Heurist was originally designed by Dr Ian Johnson, founding director of Arts eResearch (formerly the Archaeological Computing Laboratory), University of Sydney, and developed there from September 2005 to December 2013. Heurist continues to be developed and supported within the Faculty of Arts and Social Sciences and the University’s Research Portfolio, under the direction of Dr Johnson.

Heurist maintenance and development is the principal responsibility of Artem Osmakov, with the Heurist Network web site and Heurist documentation being developed by Vincent Sheehan.

Heurist is in rapid and ongoing development thanks to a number of major funded projects which use and support its infrastructure, including:

  • HuNI : Humanities Networked Infrastructure, NeCTAR funding 2013–2014.
  • FAIMS : Federated Archaeological Information Management System, NeCTAR funding 2013–2014, ARC (Australian Research Council) LIEF 2014.
  • The Dictionary of Sydney : ARC Linkage grants 2005–2010 & 2010–2013.
  • Digital Harlem : ARC Discovery grants 2003–2007 & 2010–2015.
  • Book of Remembrance Online University of Sydney Chancellor’s Award 2013–2014, online Sept 2014.
  • Many smaller projects, with generous long-term infrastructure funding from the University of Sydney.

(See also infrastructure and exemplars.)

Methodology

Heurist is written in PHP and Javascript, on top of a fixed MySQL data structure (all Heurist databases have the same underlying structure, as the logical structure of the database is encoded directly in the data).
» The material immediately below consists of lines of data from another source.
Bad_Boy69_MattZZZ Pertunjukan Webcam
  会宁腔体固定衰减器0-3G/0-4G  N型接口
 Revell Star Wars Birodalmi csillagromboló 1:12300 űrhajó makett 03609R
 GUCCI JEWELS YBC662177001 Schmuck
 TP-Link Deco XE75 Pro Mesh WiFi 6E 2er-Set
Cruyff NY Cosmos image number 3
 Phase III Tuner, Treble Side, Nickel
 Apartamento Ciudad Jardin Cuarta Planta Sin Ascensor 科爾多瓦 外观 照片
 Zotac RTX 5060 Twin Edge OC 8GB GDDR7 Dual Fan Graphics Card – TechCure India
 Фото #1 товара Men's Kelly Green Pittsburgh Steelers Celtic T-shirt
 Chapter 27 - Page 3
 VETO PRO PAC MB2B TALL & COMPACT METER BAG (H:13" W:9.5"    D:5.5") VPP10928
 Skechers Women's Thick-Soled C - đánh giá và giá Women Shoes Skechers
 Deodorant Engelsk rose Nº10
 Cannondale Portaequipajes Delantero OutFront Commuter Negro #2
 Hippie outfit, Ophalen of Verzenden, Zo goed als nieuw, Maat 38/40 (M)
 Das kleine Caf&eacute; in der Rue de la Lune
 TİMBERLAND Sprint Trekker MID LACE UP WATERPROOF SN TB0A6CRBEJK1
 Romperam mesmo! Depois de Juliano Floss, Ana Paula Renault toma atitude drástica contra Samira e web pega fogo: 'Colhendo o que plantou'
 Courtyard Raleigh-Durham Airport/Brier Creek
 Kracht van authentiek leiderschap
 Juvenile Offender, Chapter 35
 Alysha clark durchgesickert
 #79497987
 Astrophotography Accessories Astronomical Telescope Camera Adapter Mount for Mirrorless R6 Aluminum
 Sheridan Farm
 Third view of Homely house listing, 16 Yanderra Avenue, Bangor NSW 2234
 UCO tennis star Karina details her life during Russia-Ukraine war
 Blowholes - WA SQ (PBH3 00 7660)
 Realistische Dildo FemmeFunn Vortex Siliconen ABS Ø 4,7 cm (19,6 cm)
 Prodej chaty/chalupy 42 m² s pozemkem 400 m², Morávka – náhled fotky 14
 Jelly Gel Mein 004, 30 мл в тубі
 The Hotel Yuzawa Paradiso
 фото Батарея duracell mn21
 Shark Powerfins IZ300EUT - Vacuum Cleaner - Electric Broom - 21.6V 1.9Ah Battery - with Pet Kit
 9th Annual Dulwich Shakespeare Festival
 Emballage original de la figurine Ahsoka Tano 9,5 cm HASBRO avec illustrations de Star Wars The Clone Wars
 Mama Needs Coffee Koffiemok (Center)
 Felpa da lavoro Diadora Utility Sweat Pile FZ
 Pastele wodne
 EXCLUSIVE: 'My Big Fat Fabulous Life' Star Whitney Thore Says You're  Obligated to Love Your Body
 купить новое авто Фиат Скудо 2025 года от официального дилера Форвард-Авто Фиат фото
Entities/record types, fields and terms are defined within the database rather than being hardcoded in the software or database structure.

Heurist uses a key-value pair approach linked to a primary data table instantiating typed entities, allowing variant data structures and repeating value fields. Relationships between entities are implemented as a relationship record which uses the same storage methodology as other record types, allowing it to be enriched with additional data as required.

Heurist has the following field types:

  • Numeric (integer or decimal).
  • Text (single line or memo).
  • Term lists (values from a controlled hierarchically organised list).
  • Date/time fields (including fuzzy dates and several alternative calendars).
  • Geographic (point, line, polygon).
  • Pointer fields allowing lookup of another record in the database, constrained to specific type(s) or unconstrained. Pointer fields support master/detail relationships allowing master records to access data within detail records.
  • Relationship marker fields allowing the creation of typed, directional, dated and annotated relationships between records (relationship marker fields do not actually contain data, they constrain the creation of relationships embedded within data entry forms).
  • File attachments; this field type also allows remote files to be referenced through a URL.

Heurist uses Smarty templates for user-defined reporting, and generates maps and timelines directly in the interface for any items which have geographic or time fields; embedding code is provided to generate the same reports / maps / timelines in a web page using Javascript or within an iframe.

Other functions include a bookmarklet for capturing web references, WYSIWYG formatted text and threaded discussions within records, user and workgroup tags, personal and shared saved searches, workgroup ownership of records, group notifications, and blogging. There is a Zotero bibliography synchronisation function.

For developers there is a Javascript programming API—HAPI—allowing direct read and write access to Heurist records independent of internal storage structure, and functions for transforming XML output to other forms using XSLT stored in records within the database. Heurist source code is available under GNU GPL from the Google Code repository and can be installed on any LAMP server, including virtual servers in the NeCTAR Research cloud.

Applicability & Audience

Heurist is aimed primarily at an audience of digitally-oriented Humanities researchers (‘Digital Humanists’) for managing heterogeneous and relatively unstructured data, in small to medium collections of (often textual) data such as those typically found in the Arts and Humanities, and in personal research spaces.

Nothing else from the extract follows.